Truer words have seldom been spoken at a rock 'n' roll show.

Over the course of 11 years and five albums, Muse has established itself as quietly growing, high-cred stars in the modern rock world. A seamless blend of Pink Floyd, glam rock (David Bowie, Queen), Depeche Mode and Nirvana influences certainly helps; so have appearances on the soundtracks for the first two "Twilight" saga films, which add a teen and tween component to British trio's fan base.

And then there's the live show, a descendent of the opulent prog-rock productions of the '70s and beyond -- though more focused on lighting and stage effects than, say, flying pigs or dancers. Each time out Muse sets another mark to beat, and Saturday's show, supporting the group's 2009 album, "The Resistance," was, characteristically, its most dazzling yet.

The three Muse members emerged within the "skyscrapers" -- actually hydraulic lifts hoisting them above the stage -- playing "Uprising" and "Resistance," the two chart-topping anthems from "The Resistance," as video images swirled above and below them. Lasers and strobe lights flashed throughout the show, the production effectively accenting but never eclipsing the music. And when a batch of eyeball-shaped balloons stuff with confetti were dropped on the crowd of 12,000-plus during "Plug In Baby," it was perfectly in keeping with the high spirits of the evening.

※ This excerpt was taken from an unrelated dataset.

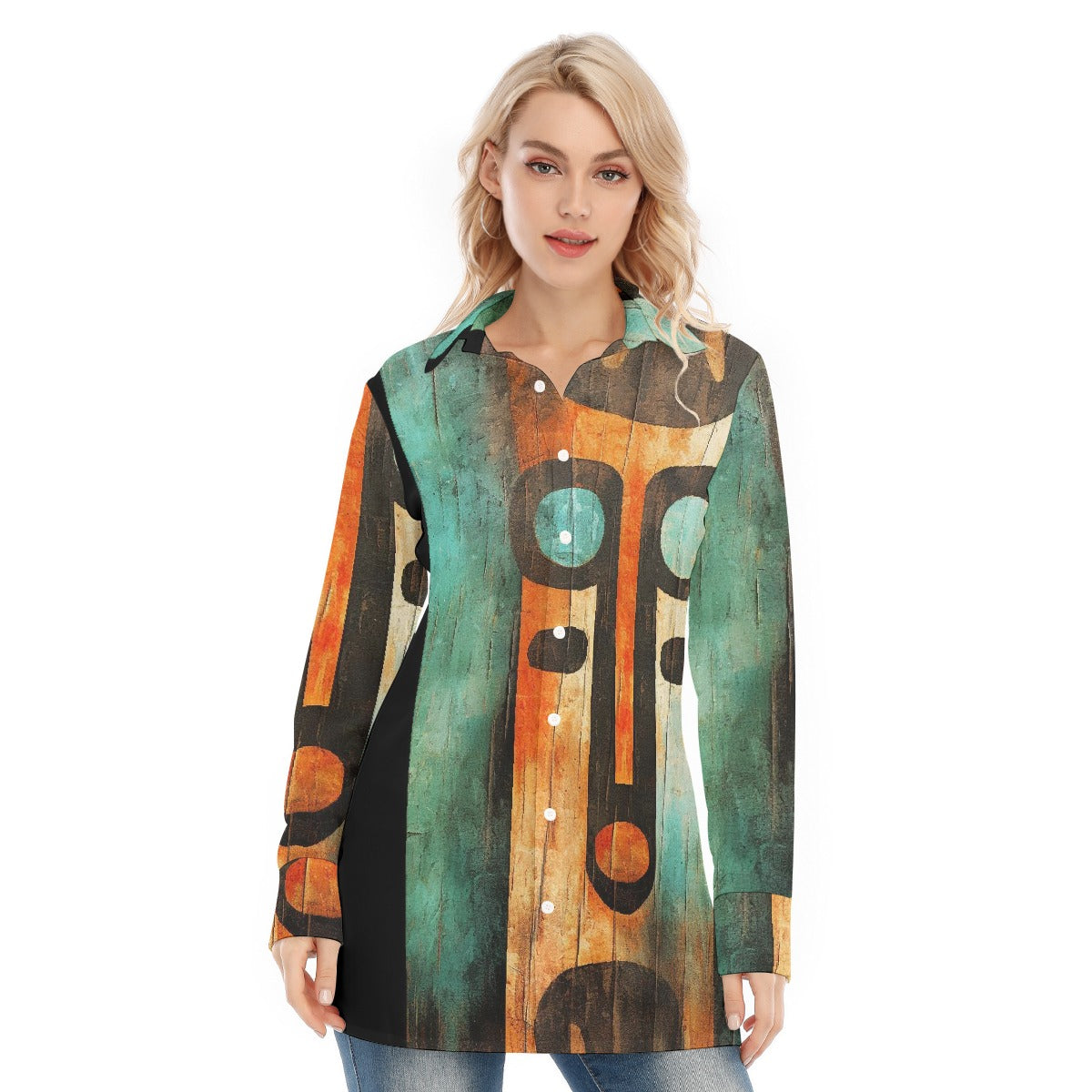 All-Over Print Women's Long Shirt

For all of the eye candy, however, Muse also delivers for the ears -- in a big way. The songs are strong, and the trio, augmented by a fourth touring musician in the rear-stage shadows, offered up 19 winners from its catalog, from the pounding attacks of "Map of the Problematique," "MK Ultra" and "Unnatural Selection" to the big-beat rock of "Hyseteria," the funky industrial tones of "Supermassive Blackhole," the '80s synth-pop flair of "Undisclosed Desires" and "Starlight," and the melodic drama of "United States of Eurasia," with frontman Matthew Bellamy playing touches of Ravel's "Bolero" on a grand piano. Muse also offered up its rendition of "Feeling Good" from the mid-'60s musical "The Roar of the Greasepaint" and closed with a heady, sci-fi flavored encore of "Exogenesis Pt. 1," "Stockholm Syndrome" and "Knights of Cydonia," with columns of carbon dioxide smoke rimming the stage during the final notes.